Exercise
Repeat the listing below in full and exactly, but without its pictures.

Supplied data
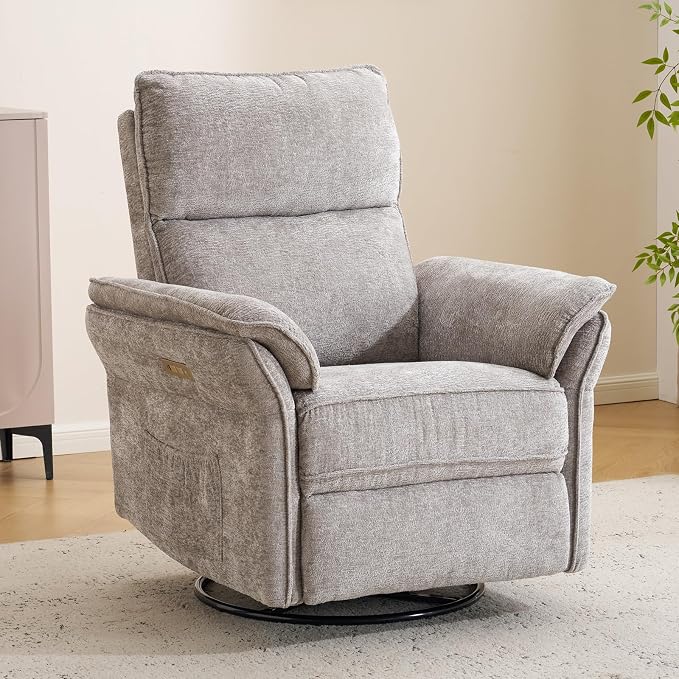Power Nursery Recliner with Auto Rocking,Oversized Swivel Rocker Recliner with Massage and Heat,Glider Recliner Nursery Chair with Adjustable Headrest for Living Room and Bedroom,Light Grey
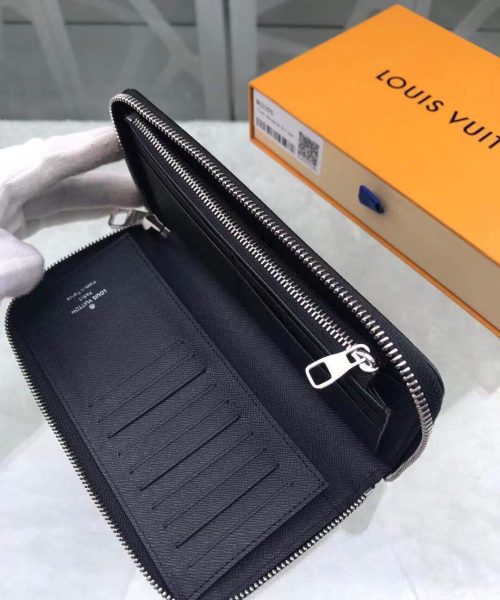 1:1 Replica Louis Vuitton Zippy Wallet Vertical Canvas Black For Men, Men's Wallet 7.9in/20cm LV M62295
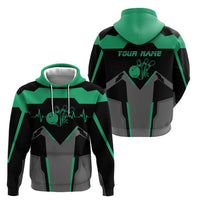 Personalized Bowling Heartbeat Team Zip Hoodie For Bowlers Green and Gray - Wonder Print Shop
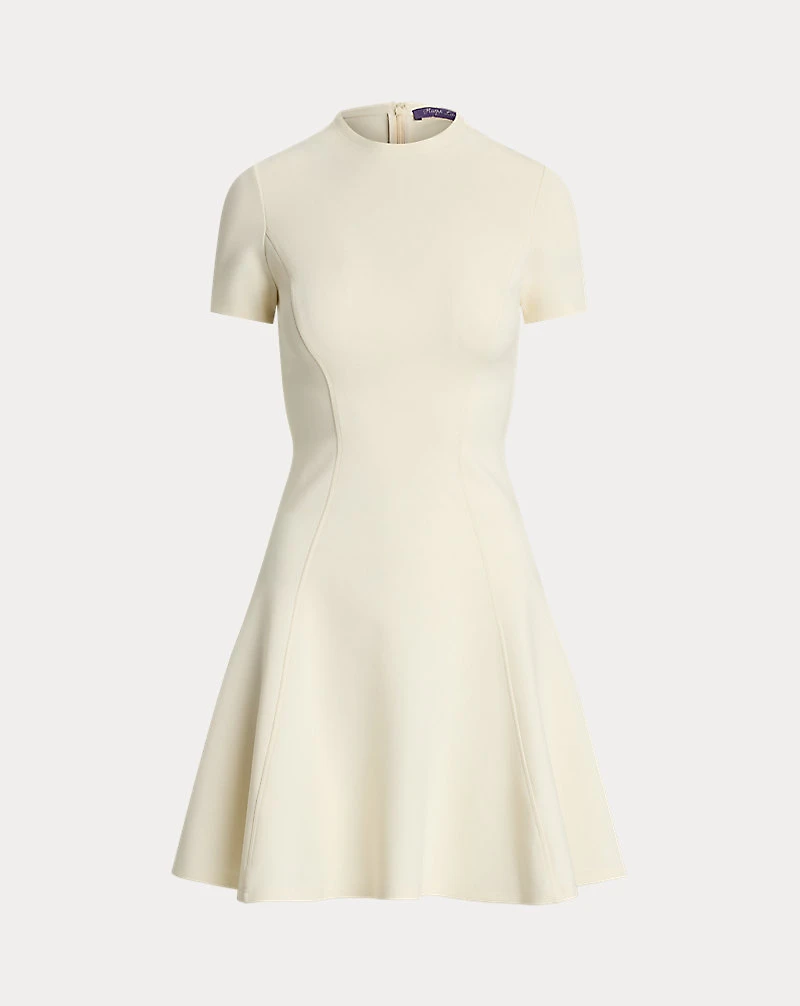 Stretch Jersey Short-Sleeve Day Dress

Exercise response
Power Nursery Recliner with Auto Rocking,Oversized Swivel Rocker Recliner with Massage and Heat,Glider Recliner Nursery Chair with Adjustable Headrest for Living Room and Bedroom,Light Grey
 1:1 Replica Louis Vuitton Zippy Wallet Vertical Canvas Black For Men, Men's Wallet 7.9in/20cm LV M62295
 Personalized Bowling Heartbeat Team Zip Hoodie For Bowlers Green and Gray - Wonder Print Shop
 Stretch Jersey Short-Sleeve Day Dress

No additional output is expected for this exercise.